Sunday 14 February 2010

Soros Sells Back Film Rights to Viacom: Did I Get It Right?

Whenever I read a news summary of a transaction involving material IP assets, I try to understand the commercial and financial interests lying behind the deal. This is especially so in the motion picture business, where the artistic and financial aspects are particularly intertwined in ways that are not always clear to the outside observer. For that reason, the responsibility of the business press to present a full picture of the context in which it reports a material transaction is especially challenging.

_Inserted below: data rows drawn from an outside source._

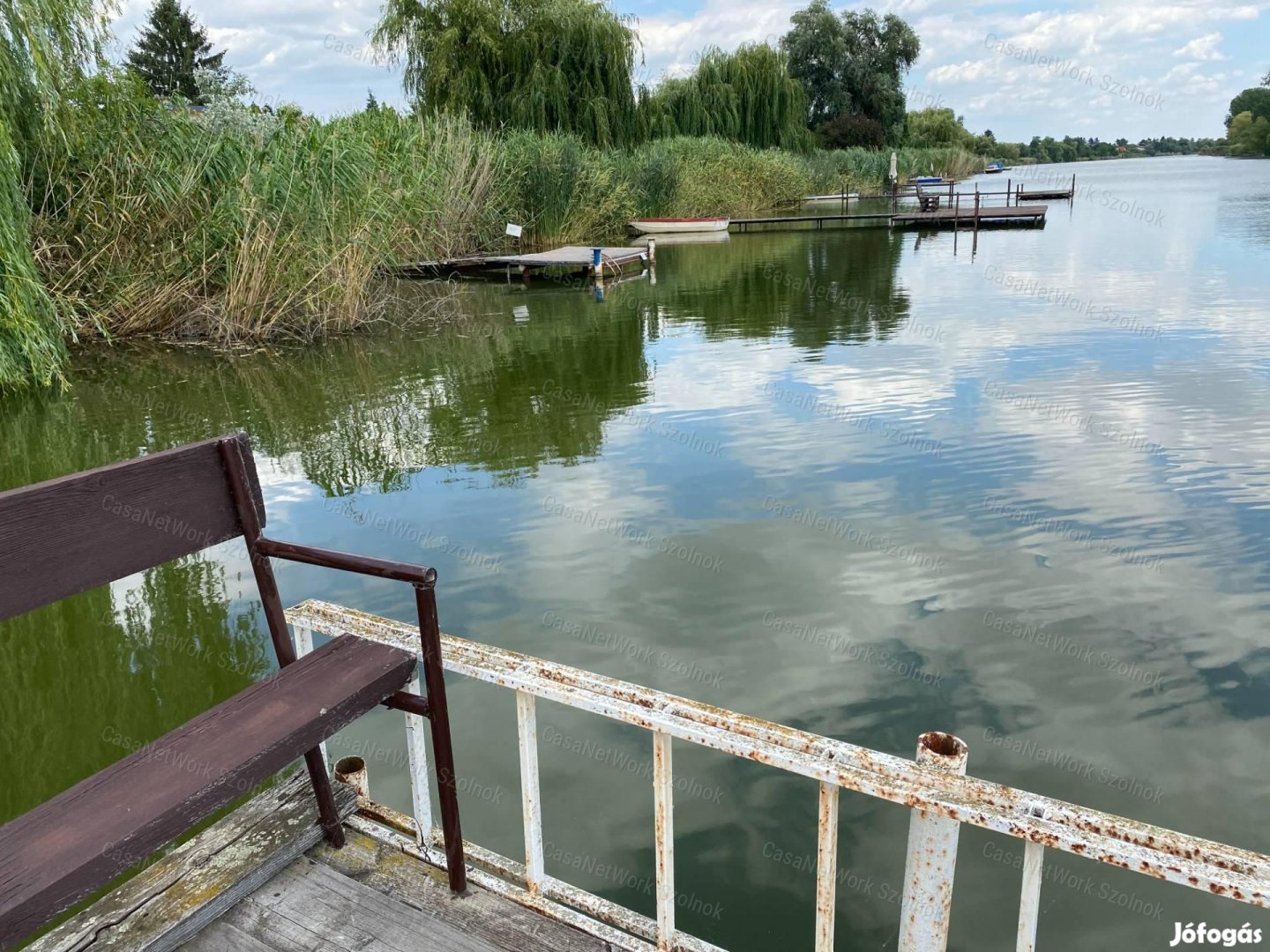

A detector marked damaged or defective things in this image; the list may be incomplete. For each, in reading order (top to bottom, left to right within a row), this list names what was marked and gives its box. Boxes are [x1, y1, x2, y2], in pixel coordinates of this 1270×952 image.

rusty metal railing [288, 604, 1270, 952]
rusty metal pipe [899, 736, 965, 949]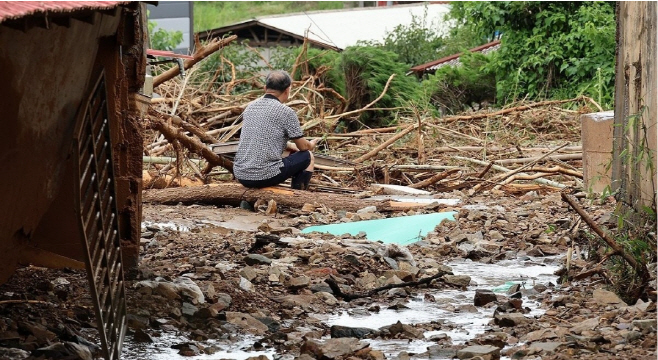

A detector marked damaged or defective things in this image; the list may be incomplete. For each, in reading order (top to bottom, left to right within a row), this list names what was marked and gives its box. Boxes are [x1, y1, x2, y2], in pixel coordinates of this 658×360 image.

damaged building wall [0, 2, 145, 284]
damaged building wall [612, 2, 652, 214]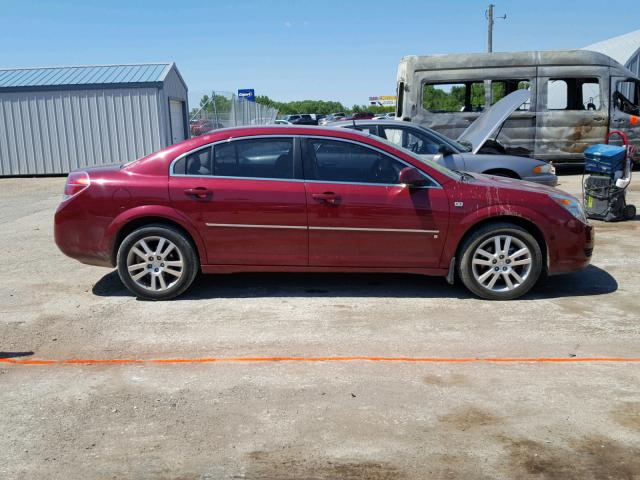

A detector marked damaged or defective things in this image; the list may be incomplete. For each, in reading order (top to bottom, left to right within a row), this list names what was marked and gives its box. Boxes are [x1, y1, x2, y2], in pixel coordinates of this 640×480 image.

burned white van [398, 49, 636, 164]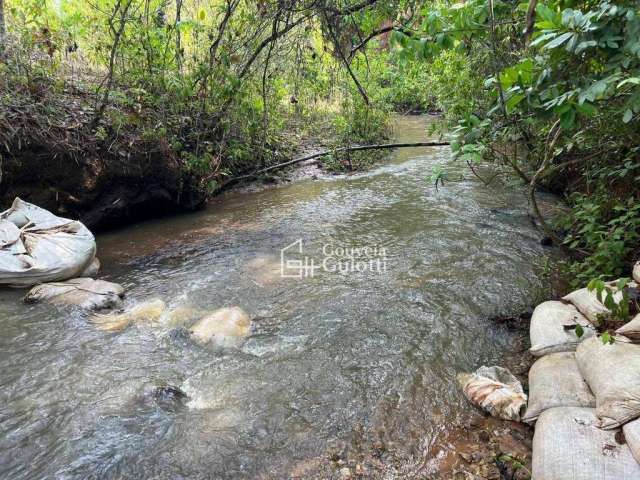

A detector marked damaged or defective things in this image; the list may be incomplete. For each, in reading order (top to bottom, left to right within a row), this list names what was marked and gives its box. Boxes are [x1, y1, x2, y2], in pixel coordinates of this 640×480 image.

torn sandbag [0, 198, 96, 286]
torn sandbag [23, 278, 124, 312]
torn sandbag [93, 298, 169, 332]
torn sandbag [189, 306, 251, 346]
torn sandbag [528, 300, 592, 356]
torn sandbag [616, 314, 640, 344]
torn sandbag [458, 368, 528, 420]
torn sandbag [524, 350, 596, 422]
torn sandbag [576, 336, 640, 430]
torn sandbag [532, 406, 640, 480]
torn sandbag [624, 420, 640, 464]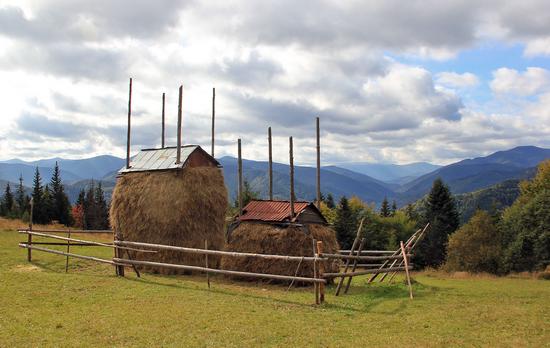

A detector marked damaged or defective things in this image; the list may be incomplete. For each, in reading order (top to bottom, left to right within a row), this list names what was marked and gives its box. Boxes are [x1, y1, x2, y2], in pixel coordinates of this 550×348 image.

rusty metal roof [118, 145, 220, 174]
rusty metal roof [239, 200, 326, 224]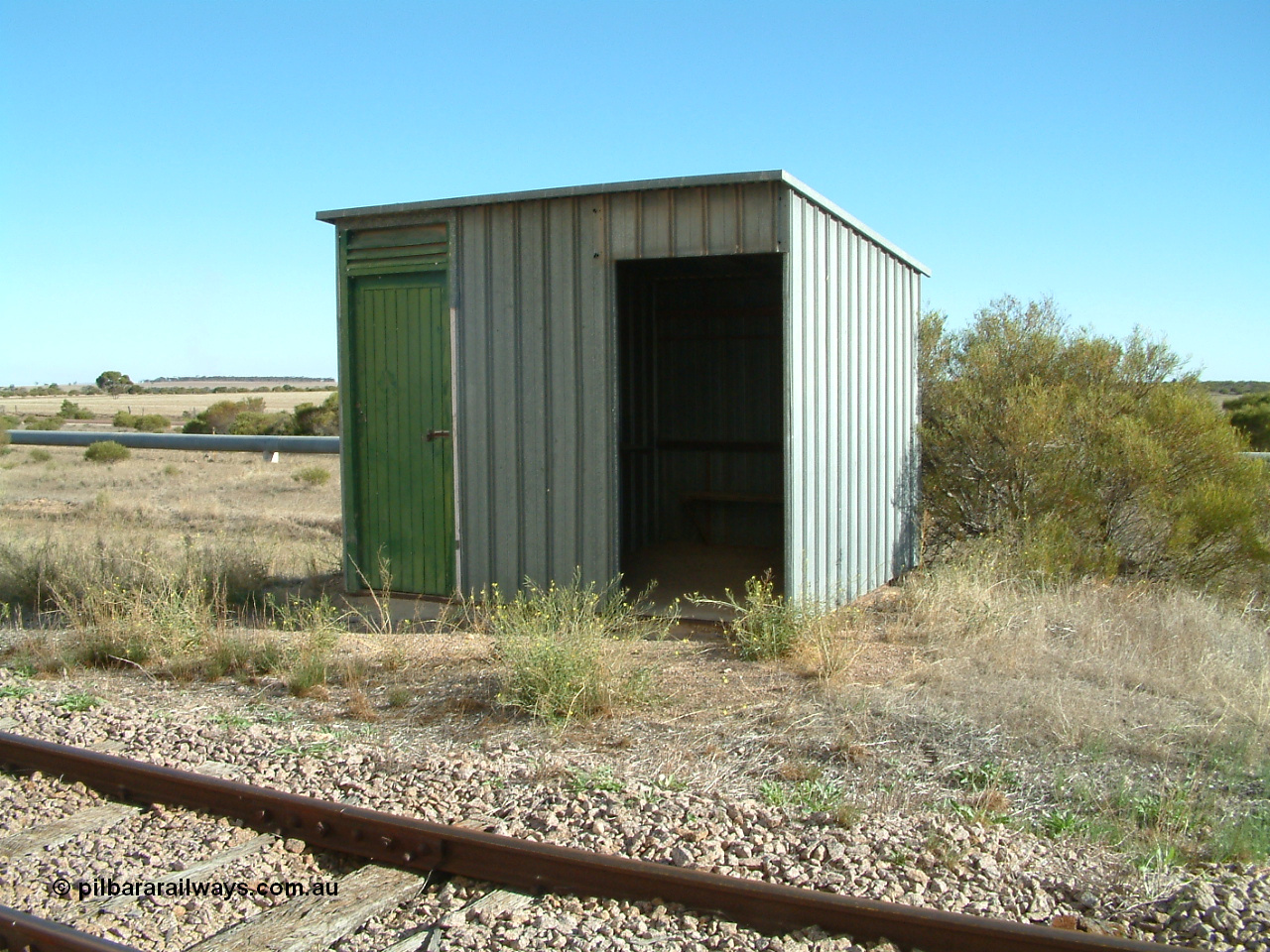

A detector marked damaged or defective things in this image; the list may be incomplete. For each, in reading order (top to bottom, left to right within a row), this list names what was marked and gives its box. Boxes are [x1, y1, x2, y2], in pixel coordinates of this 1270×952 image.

rusty rail [0, 736, 1178, 952]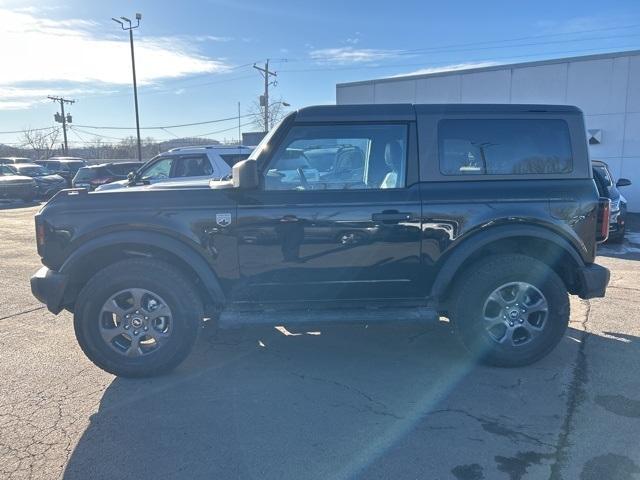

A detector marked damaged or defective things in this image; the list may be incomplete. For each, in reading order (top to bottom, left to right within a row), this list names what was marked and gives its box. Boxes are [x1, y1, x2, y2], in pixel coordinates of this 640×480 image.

cracked asphalt [1, 203, 640, 480]
pavement crack [548, 298, 592, 478]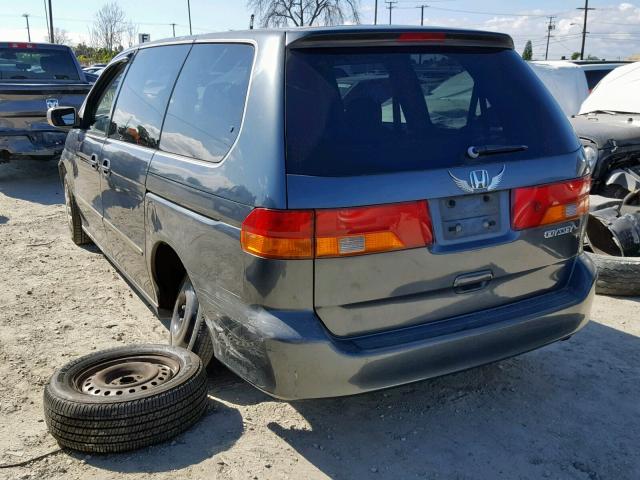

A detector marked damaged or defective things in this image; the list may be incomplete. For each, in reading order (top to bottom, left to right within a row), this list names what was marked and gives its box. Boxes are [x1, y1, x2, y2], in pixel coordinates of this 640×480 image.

damaged vehicle [0, 41, 91, 161]
damaged vehicle [568, 62, 640, 296]
detached spare tire [588, 251, 640, 296]
detached spare tire [43, 344, 208, 452]
exposed wheel hub [75, 352, 180, 398]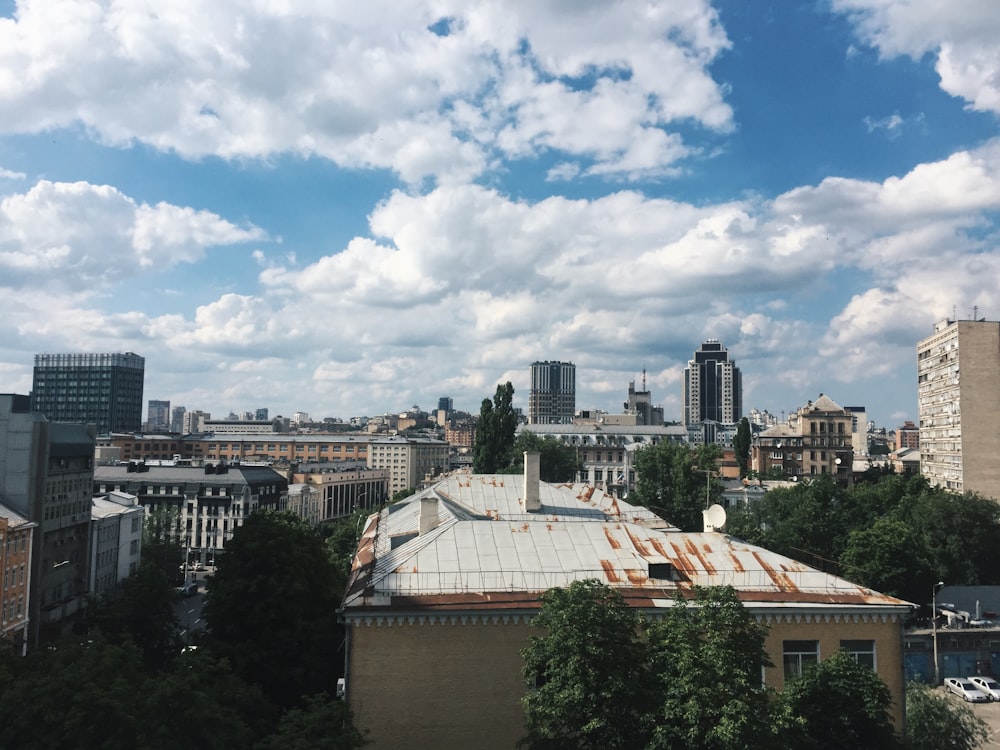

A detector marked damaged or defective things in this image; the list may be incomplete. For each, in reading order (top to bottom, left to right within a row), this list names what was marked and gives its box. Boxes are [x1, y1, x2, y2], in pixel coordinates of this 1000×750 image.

rusty metal roof [340, 476, 912, 616]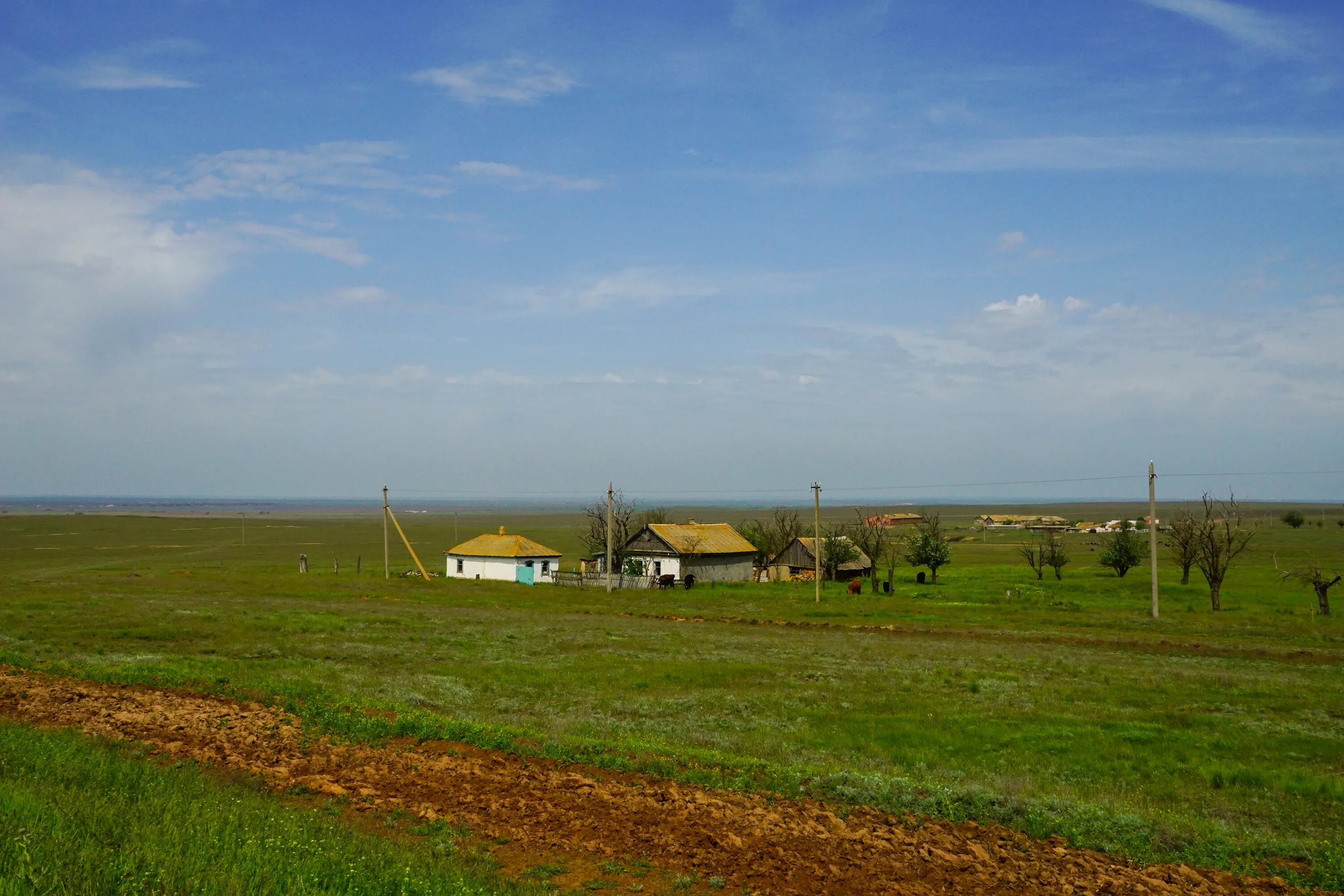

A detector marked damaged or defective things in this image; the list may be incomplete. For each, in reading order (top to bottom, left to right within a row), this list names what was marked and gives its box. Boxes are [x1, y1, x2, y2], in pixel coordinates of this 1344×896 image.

rusty metal roof [446, 537, 562, 556]
rusty metal roof [642, 521, 758, 556]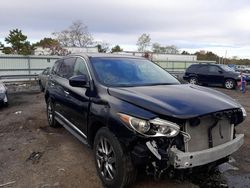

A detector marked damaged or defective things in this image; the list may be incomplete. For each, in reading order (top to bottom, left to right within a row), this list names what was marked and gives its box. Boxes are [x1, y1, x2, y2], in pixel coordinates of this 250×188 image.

damaged headlight [117, 112, 180, 137]
front-end damage [130, 108, 245, 178]
crumpled bumper [169, 134, 243, 169]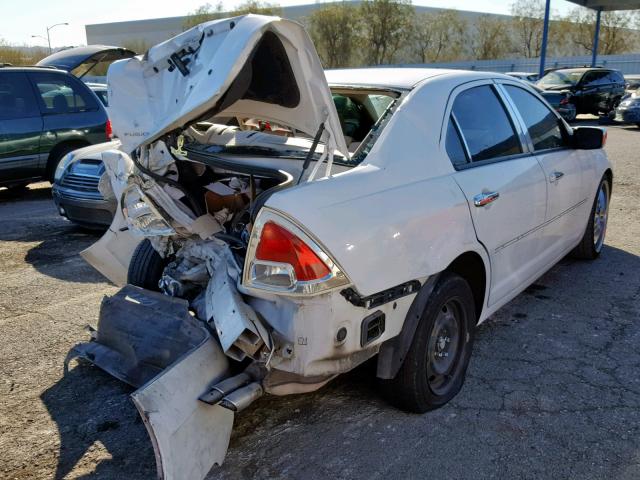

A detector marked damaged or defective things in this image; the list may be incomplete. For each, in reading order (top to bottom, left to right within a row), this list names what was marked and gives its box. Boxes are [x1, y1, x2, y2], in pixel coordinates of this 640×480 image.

broken taillight [242, 211, 348, 294]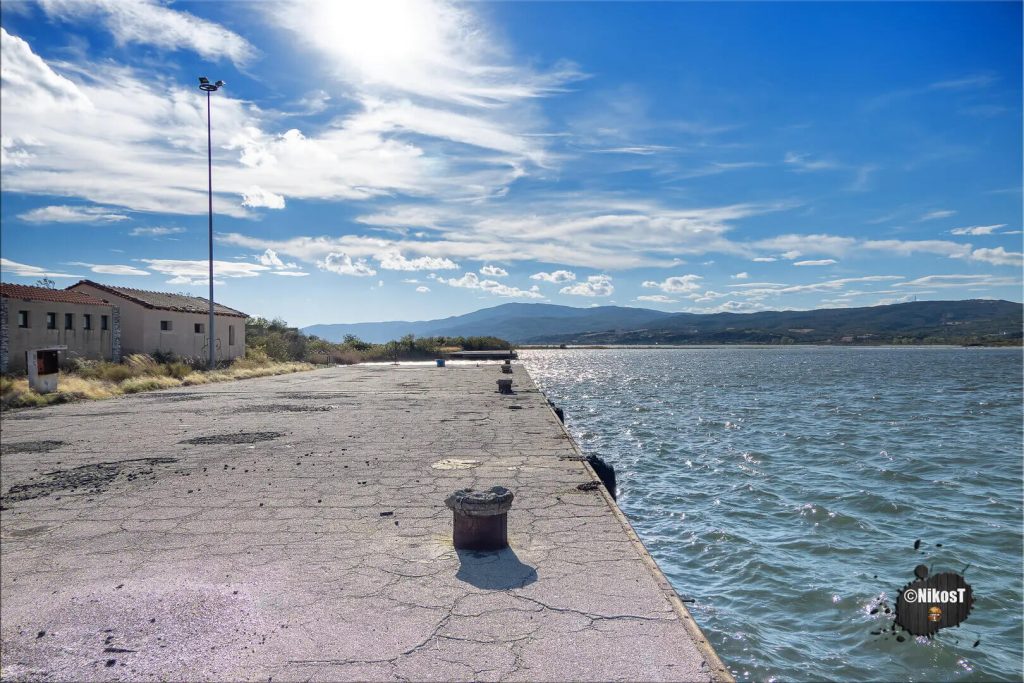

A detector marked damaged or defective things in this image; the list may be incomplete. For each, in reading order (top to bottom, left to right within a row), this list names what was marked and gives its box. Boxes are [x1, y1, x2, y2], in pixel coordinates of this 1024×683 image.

Against that backdrop, I read with interest a report that first appeared on yesterday titled "Viacom Acquires Soros Stake in Films for $400 Million" here. [The report actually addressed two issues. The first was the Viacom-Soros deal, while the second described bidding for other film companies, namely MGM, Overture Films and the Miramax division of Disney. We will focus on the Viacom-Soros deal.] According to the report, "Viacom Inc. bought back a majority stake in the DreamWorks SKG film library from billionaire investor George Soros, taking on $400 million in debt to regain rights to movies such as “Gladiator.” The purchase of Soros’s 51 percent stake in 59 titles, including “Saving Private Ryan,” was completed on Feb. 8 ...."

Here is where the report gets a bit murky. It stated that Viacom had agreed in 2006 to sell to Soros the film library in a deal valued at $900 million, with Viacom retaining a 49% interest in the films. Soros, who received broadcast and home sales rights, agreed at the time to sell his stake back after five years. Viacom had sold the library in connection with its acquisition in 2006 of DreamWorks, the film house founded by the legendary Hollywood trio of Steven Spielberg, Jeffrey Katzenberg and David Geffen, for $1.6 billion. With the sale of the 51% interest to Soros, the net purchase price of DreamWorks at the time was approximately $600 million.

What's murky in the report are at least the following points:
1 What does it mean that Viacom retained a 49% interest in the films?
2. What does it mean that Soros received broadcast and home sales rights?
3. If the agreement was for Soros to sell back his interest in five years, i..e, in 2011,why did he do so now?
After doing a bit of internet digging on the subject, I found a March 16, 2006 AP item that appeared on Entitled "Viacom to Sell DreamWorks Film Library", the AP report noted the following:
1. The buyers on behalf of Soros were Soros Strategic Partners and Dune Entertainment II. The Soros group would acquire the entire list of 59 DreamWorks live action films released until September 15, 2005.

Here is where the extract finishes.